Okay, it’s been nearly two weeks now since I’ve posted something. By all the blogging rules in the universe, no one will ever read this, since EVERYONE knows you have to post fresh content at least several times a week, or your readers will go in search of something fresher/better/more current.

But hopefully my “regulars” won’t give up quite that easily.

The first two weeks of Advent have been busier than usual, due to the fact that (a) Boosters has taken over 80% of my life and (b) various health issues (doctor’s appointments or actual sickness) have taken over the lion’s share of the other 20%. Well, maybe 10%. Whine. Whine. Whine.

Today was especially fun. Took Chris and Sarah to the doctor’s for their H1N1 booster (second dose), and found that Chris would have to get the injection because they’d run out of mist. Sarah heard the word “shot” and asked me point blank if she was getting one, too.

Not even the promise of McDonalds could stop the emotional tsunami that followed… After squirreling herself behind a storage cabinet as her brother bravely took his turn, Sarah nearly kicked a hole in the Venetian blind as we pulled her from her hiding place. It took three of us (two nurses and one red-faced mom) to restrain her legs long enough for the poke. From the screams (before, during, and after the actual poke) you’d have thought we were skinning her alive.

Later, when she was feeling more philosophical, Sarah asked me why the shot didn’t seem to hurt Chris as much as it had hurt her. I tried to explain to her that her muscles were all tense from her screaming and kicking, so it made the shot hurt more. “Next time, you might try taking deep breaths or singing a song, and not pay attention to the shot. I bet it won’t hurt as much.” (My nurse friend later suggested that we do Sarah first to avoid a similar scenario…)

Driving home, I thought about that. How often do we brace ourselves, worrying about some painful event until it turns our lives inside out? Just last week, I nearly made myself sick waiting for a particular confrontation that I had been warned was coming my way. When the moment finally came … nothing happened. No fireworks. No accusations. Nothing.

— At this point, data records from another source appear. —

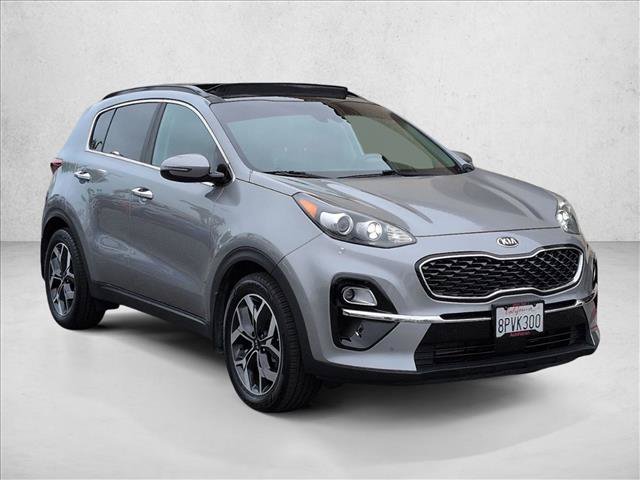 Used 2020 Kia Sportage EX w/ EX Technology Package FWD image 3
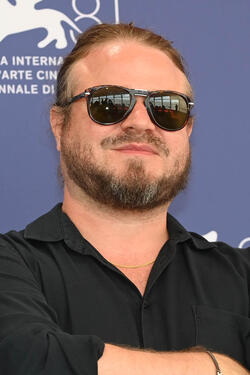 Il regista Brady Corbet al photocall del film The brutalist a Venezia 81 il 1 settembre 2024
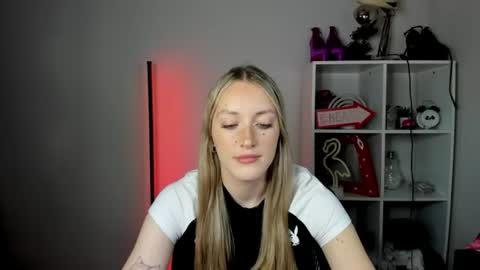 Snapshot of evelynblond chatting on 18, 6, 2026 evelynblond online show from 18, 6, 2026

Most parents, I think, can relate to this sense of foreboding, the proverbial sword of Damocles hanging overhead. So much of the stuff that worries us, never comes to pass. No wonder the Lord urges us to brush worry from our lives (from Matthew 6:25-33):

“Therefore I tell you, do not worry about your life, what you will eat (or drink), or about your body, what you will wear. Is not life more than food and the body more than clothing? Look at the birds in the sky; they do not sow or reap, they gather nothing into barns, yet your heavenly Father feeds them. Are not you more important than they? Can any of you by worrying add a single moment to your life-span? Why are you anxious about clothes? Learn from the way the wild flowers grow. They do not work or spin. But I tell you that not even Solomon in all his splendor was clothed like one of them.

“If God so clothes the grass of the field, which grows today and is thrown into the oven tomorrow, will he not much more provide for you, O you of little faith? So do not worry and say, ‘What are we to eat?’ or ‘What are we to drink?’ or ‘What are we to wear?’ All these things the pagans seek. Your heavenly Father knows that you need them all. But seek first the kingdom (of God) and his righteousness, 19 and all these things will be given you besides.”

2 thoughts on “Are you still listening? (Sorry for the silence….)

  1. I think my mother would identify with your experience. I was the one who, at age 6, required SIX nurses to hold me down and give me a booster shot before school one year. I don’t have any real memory of the event, but my mother tells me that when it was over and I stopped fighting I said, “Oh that didn’t hurt that much.” My guardian angel (and hers) must have worked overtime that moment.

    I still hate shots and will go out of my way to avoid them. Though since having my daughters I am much calmer about allowing a blood draw.